------ Dataset records ------

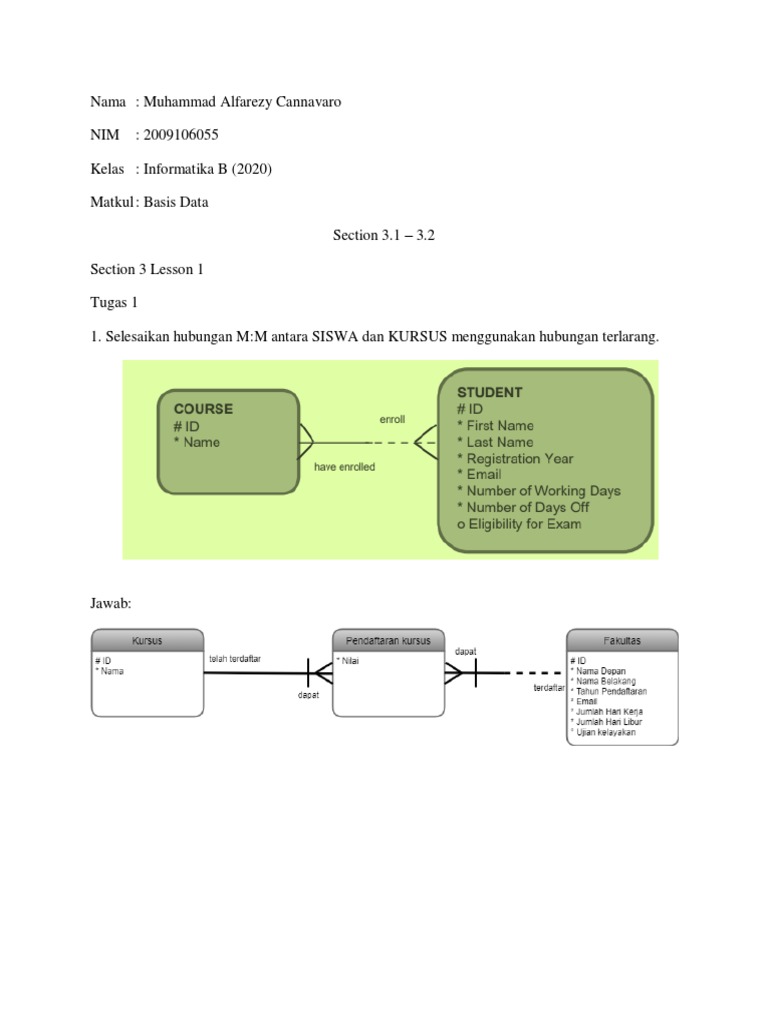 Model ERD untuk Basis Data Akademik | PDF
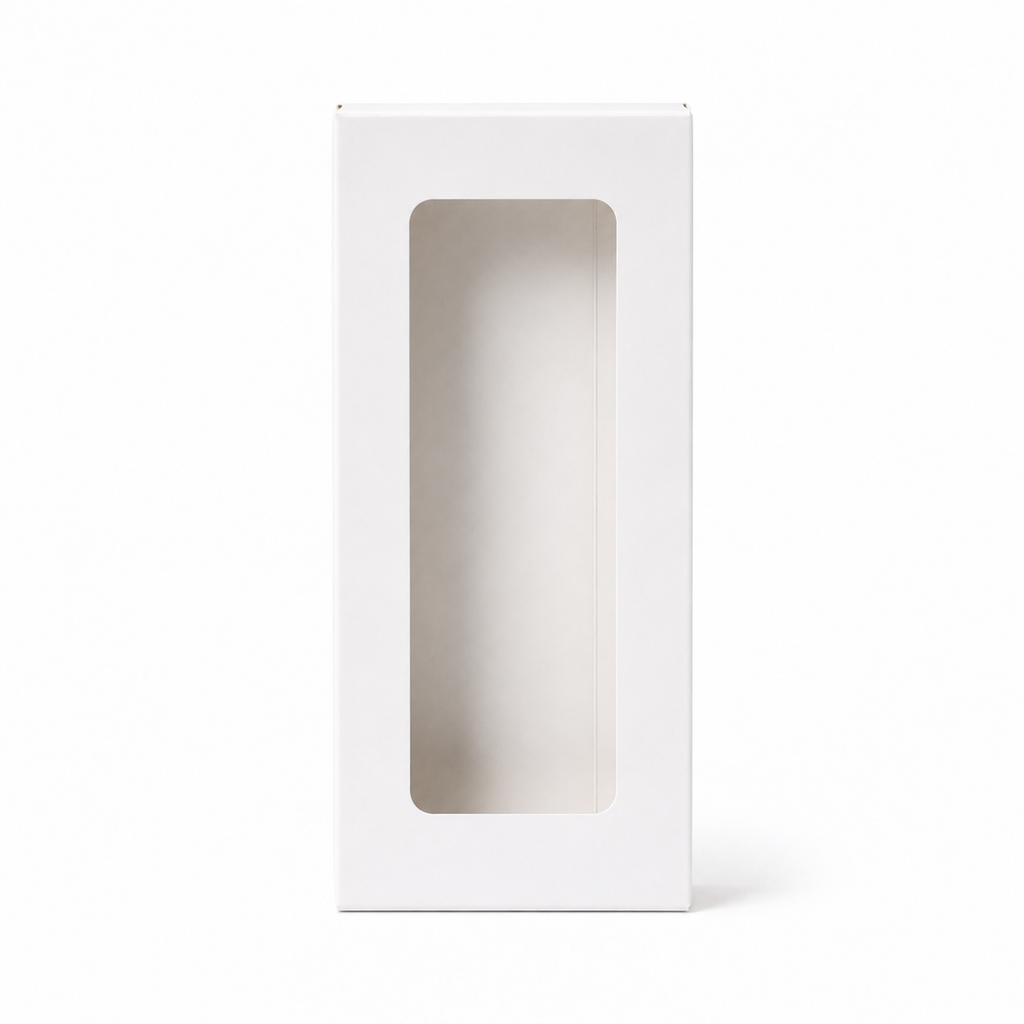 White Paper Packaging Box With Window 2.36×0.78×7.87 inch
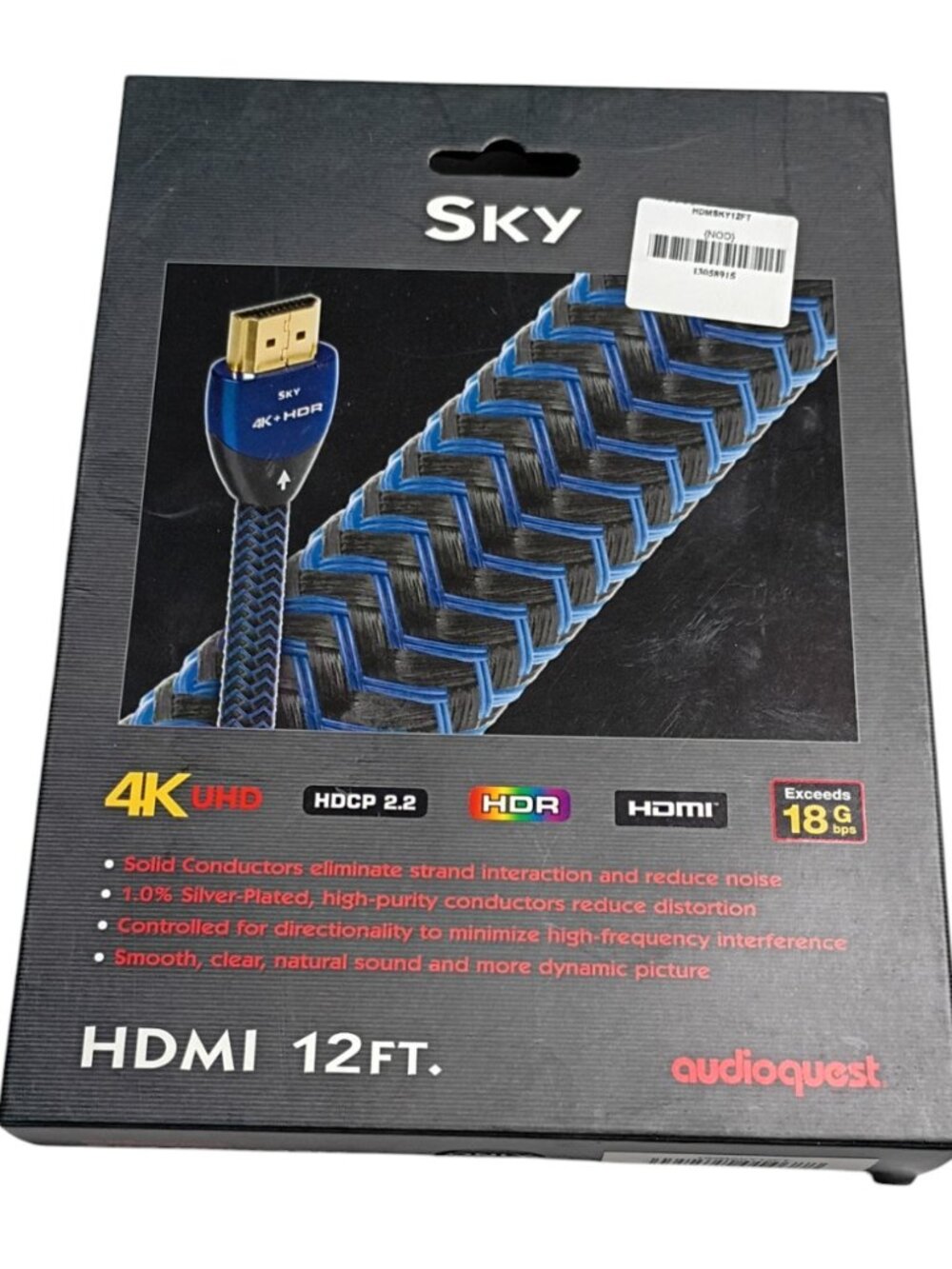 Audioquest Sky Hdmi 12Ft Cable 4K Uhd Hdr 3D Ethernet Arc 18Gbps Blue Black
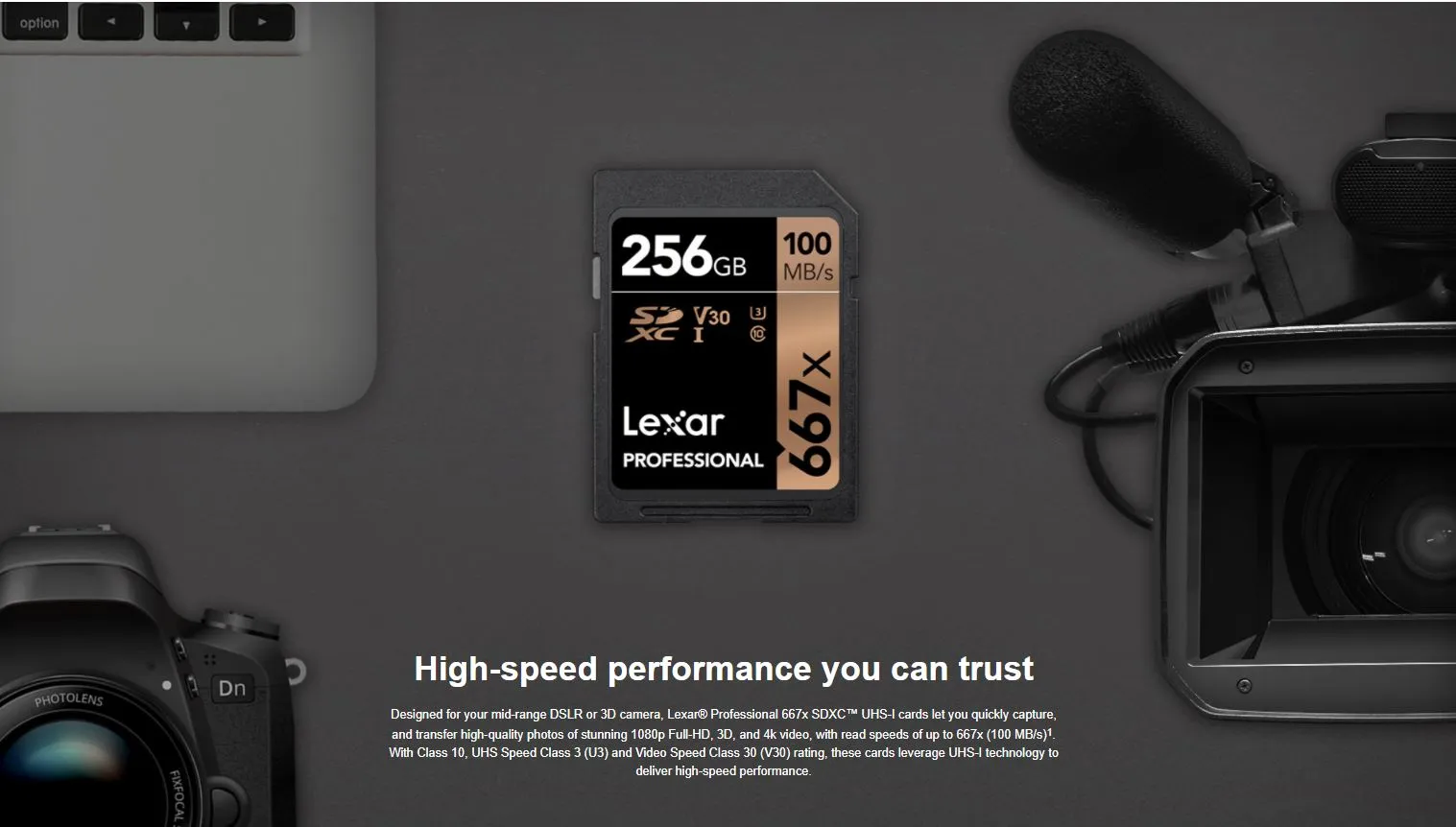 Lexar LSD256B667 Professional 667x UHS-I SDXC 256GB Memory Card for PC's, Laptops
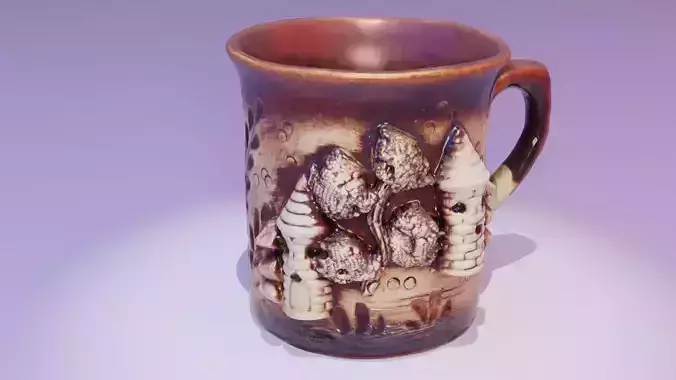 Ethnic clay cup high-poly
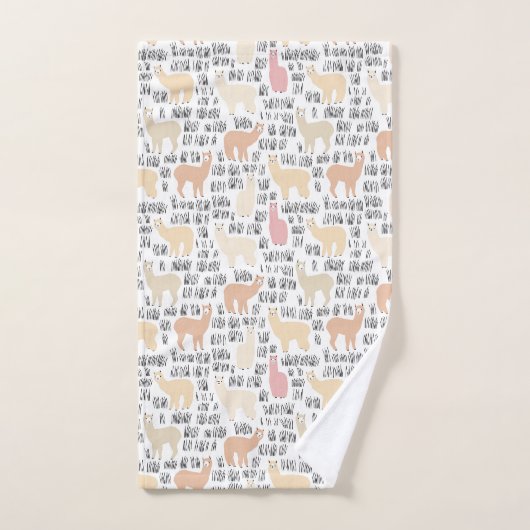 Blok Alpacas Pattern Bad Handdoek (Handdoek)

------

Task to complete → Could you set down every record above word for word, leaving out the pictures?

Response to this exercise →
 Model ERD untuk Basis Data Akademik | PDF
 White Paper Packaging Box With Window 2.36×0.78×7.87 inch
 Audioquest Sky Hdmi 12Ft Cable 4K Uhd Hdr 3D Ethernet Arc 18Gbps Blue Black
 Lexar LSD256B667 Professional 667x UHS-I SDXC 256GB Memory Card for PC's, Laptops
 Ethnic clay cup high-poly
 Blok Alpacas Pattern Bad Handdoek (Handdoek)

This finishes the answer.